According to Kantrowitz, most of the cost of a college education is in the cost of instruction and the cost of staff.

There are also some energy costs, equipment costs and facilities costs, all of which go up faster than the consumer price index.

And when you throw in the multiplier effect from offering need-based financial aid, it causes costs to go up twice as fast as the inflation rate.

Kantrowitz said what we’re seeing is the impact of long-term trends, especially with cuts in government support on a per-student, inflation-adjusted basis.

Colleges don’t sit on piles of money, he said. So the idea that they could just spend more from their endowment, which they certainly could, wouldn’t make a difference.

Most colleges are recirculating tuition revenue in the form of grants to lower-income students. What they could do is increase class sizes, which means that one faculty member would be teaching more students, which does affect the quality of education.

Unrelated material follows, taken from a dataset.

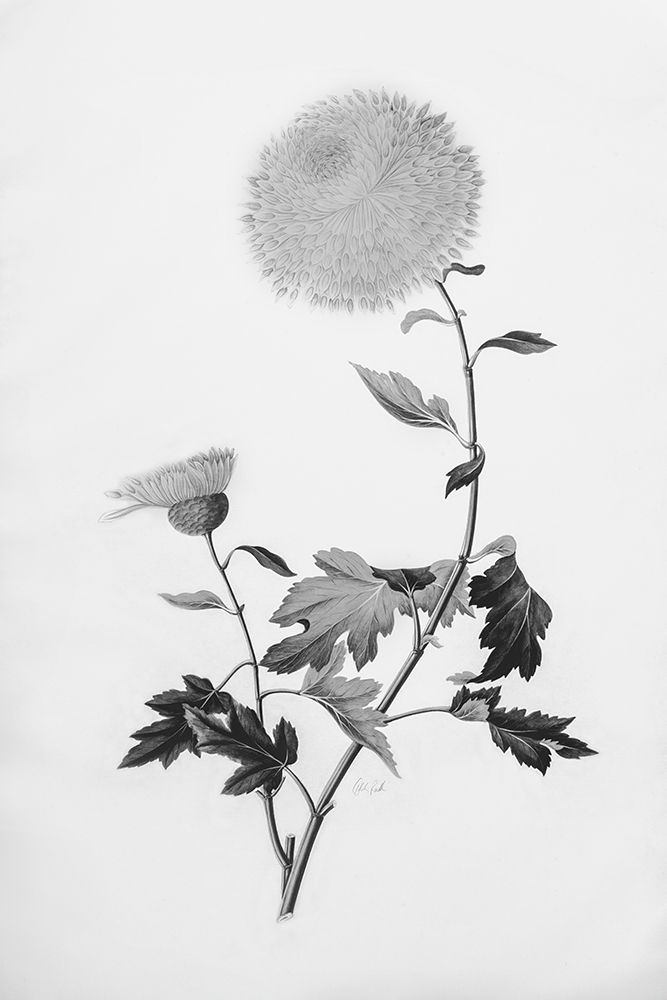 Botanical IV art print by Deborah Revell for $57.95 CAD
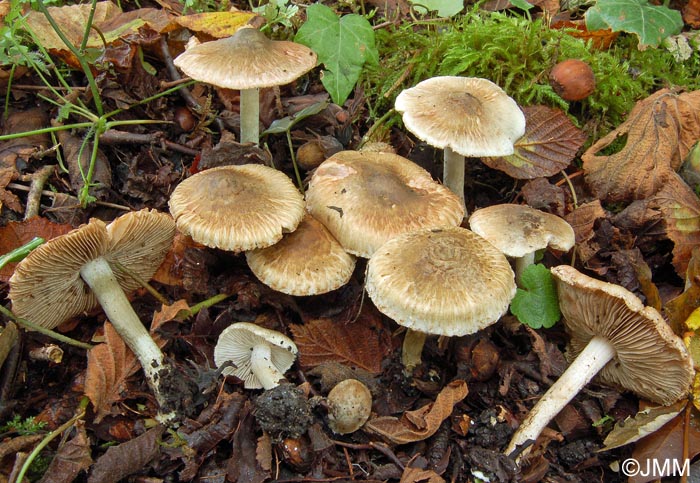 Inocybe haemacta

They’ve also been hiring more part-time faculty since they don’t pay them benefits, which also isn’t entirely fair to those faculty.

Q: Do you have any advice for young people who are paying off their own college?

According to Kantrowitz, sign up for autopay where your monthly payment is automatically transferred to the lender. Not only are you less likely to be late with a payment but you’ll get an interest rate reduction as an incentive.

“Typically, a quarter of a percent on federal loans and as much as half a percent on private student loans,” he said.

Claim the student loan interest deduction on your taxes. That lets you claim it even if you don’t itemize deductions.

And obviously, save before college.

Also, look at the net price of the college. Choose a less expensive college such as an in-state public college. Even though they give less financial aid, they are a quarter to a third of the cost of a private college, so they’re going to be less expensive, even with no financial aid.